The answer is the data repeated in full, with no pictures included.
□ □ □ □
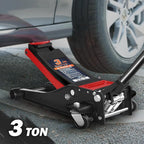 DNA Motoring Floor Jack 3 Ton (6000 lbs) Capacity, Fast Lift Service Jack Low Profile Steel Heavy Duty Hydraulic Car Jack, Lifting Range 3"-20", Black, TOOLS-00475-BK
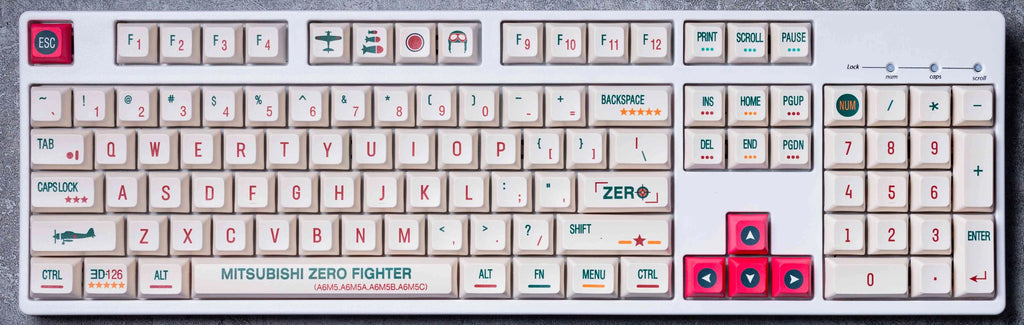 Creative small full set of PBT hot-lift keycaps in small set colour with aircraft design for wireless keyboard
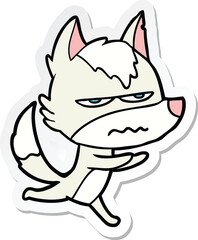 sticker of a cartoon annoyed wolf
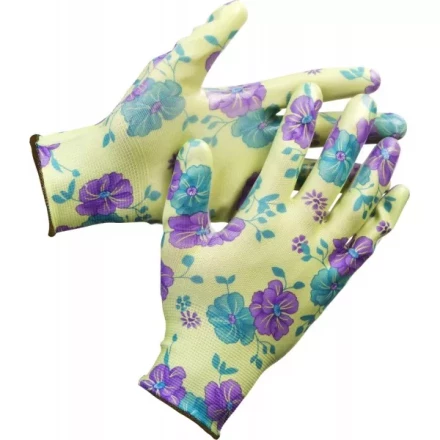 Перчатки GRINDA садовые, прозрачное нитриловое покрытие, размер S-M, зеленые 11295-S купить в Ноябрьске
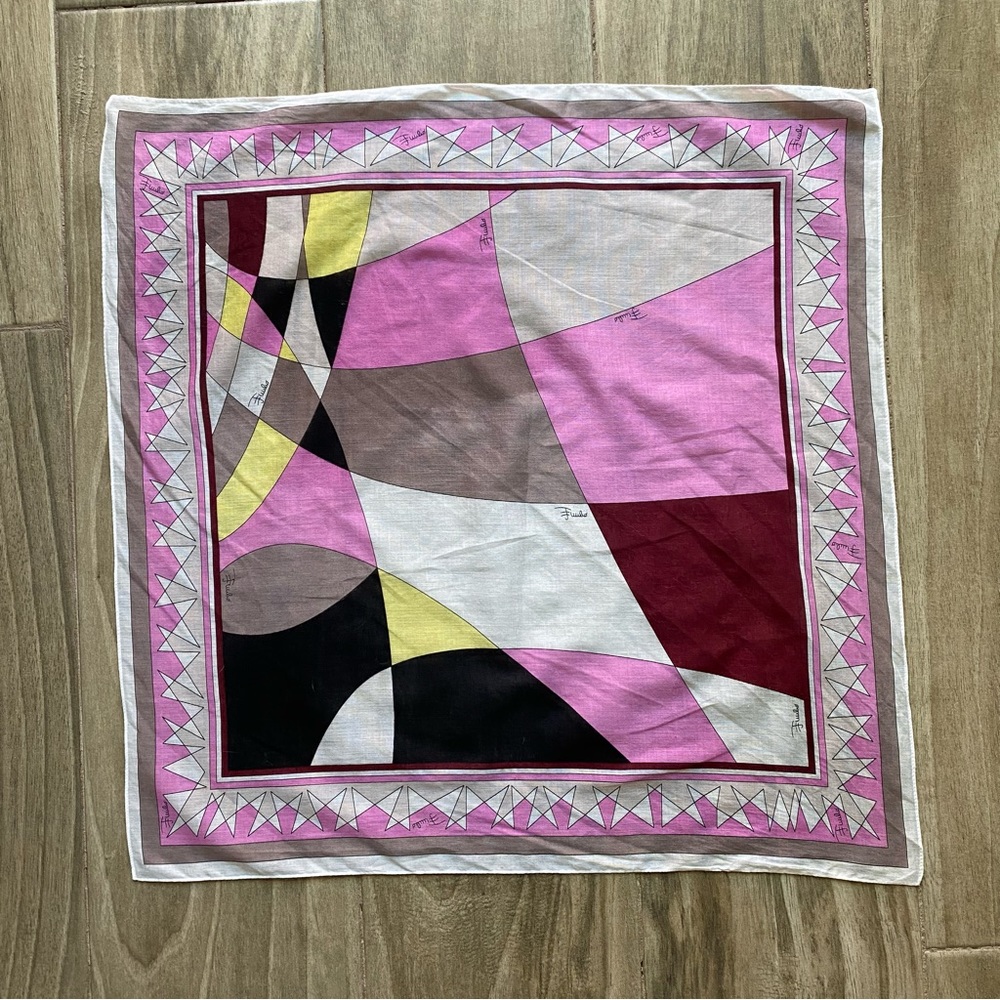 Emilio Pucci vintage 1970’s square scarf kaleidoscope geometric abstract print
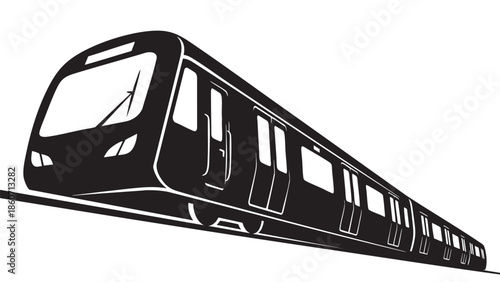 Modern train speeding on tracks with sleek design isolated on transparent background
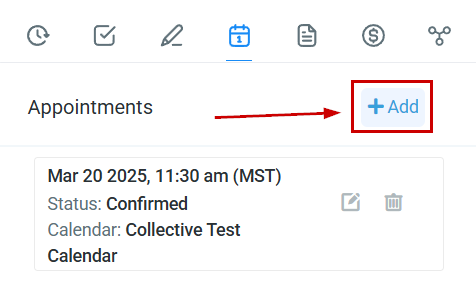 Growth360 Contact Appointments - calendar icon in contact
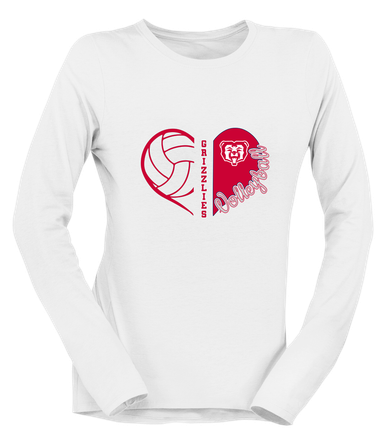 McMinnville Grizzlies Heart Volleyball Women's LS T-Shirt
□ □ □ □
RESPONSE FOR THIS EXERCISE —
 DNA Motoring Floor Jack 3 Ton (6000 lbs) Capacity, Fast Lift Service Jack Low Profile Steel Heavy Duty Hydraulic Car Jack, Lifting Range 3"-20", Black, TOOLS-00475-BK
 Creative small full set of PBT hot-lift keycaps in small set colour with aircraft design for wireless keyboard
 sticker of a cartoon annoyed wolf
 Перчатки GRINDA садовые, прозрачное нитриловое покрытие, размер S-M, зеленые 11295-S купить в Ноябрьске
 Emilio Pucci vintage 1970’s square scarf kaleidoscope geometric abstract print
 Modern train speeding on tracks with sleek design isolated on transparent background
 Growth360 Contact Appointments - calendar icon in contact
 McMinnville Grizzlies Heart Volleyball Women's LS T-Shirt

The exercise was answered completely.